Imagine having a writters block, but it relates to everything.
That's the level my brain is functioning at the moment. The ideas are sparse, and what little comes along, does not flow in a creative manner. I see things that I have the solutions too, but they don't solidify in my mind. I look at things laying around my computer, and they are supposed to inspire me, yet they just sit there, and simply exist.
I thought to draw, but could not pencil it out. I had some ideas, which all died with my next thought. I had the solution for something, but it slipped away from my concious, and now I don't know what it had to do with anything. I was @ work, looked around me, and in my mind, I simmered a wonderful thought, then *poof.*
I am just absorbing things at the moment. I read some news, I watch some news cast, I listen to some music, and review some of my old pictures, I look upon my website, and my old writings, I analyzy my job and the things that relate to it, I read what other people write, and laugh at some wonderful online cartoons, I watch some TV, I laugh and get excited about wonderful TV shows, I cry, laugh, and go though the motions while watching movies.
I am not producing anything. It doesn't really frustrate me, but just makes me feel useless. When I don't work, days just pass by, and nothing really happens with the hours contained in it, nothing progresses, nothing moves along.

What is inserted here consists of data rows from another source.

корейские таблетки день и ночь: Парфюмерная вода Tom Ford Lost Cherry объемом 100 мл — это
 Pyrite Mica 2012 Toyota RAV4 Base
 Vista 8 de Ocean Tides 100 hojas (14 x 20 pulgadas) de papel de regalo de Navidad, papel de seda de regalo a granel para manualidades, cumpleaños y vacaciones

I need a muse, some inspiration, something that brings some shine into my life. I need some sparkles, and glitter to make things happy. I need a spark, a push to get me going.
Where is that something that makes me go?
I don't know, but if I knew, I would travel to the source of it, to get enough to keep me going forever.
I know, I just need to look inside myself. I contain the things I need to get going. I just need a way to add some fuel to my internal furnace of drive.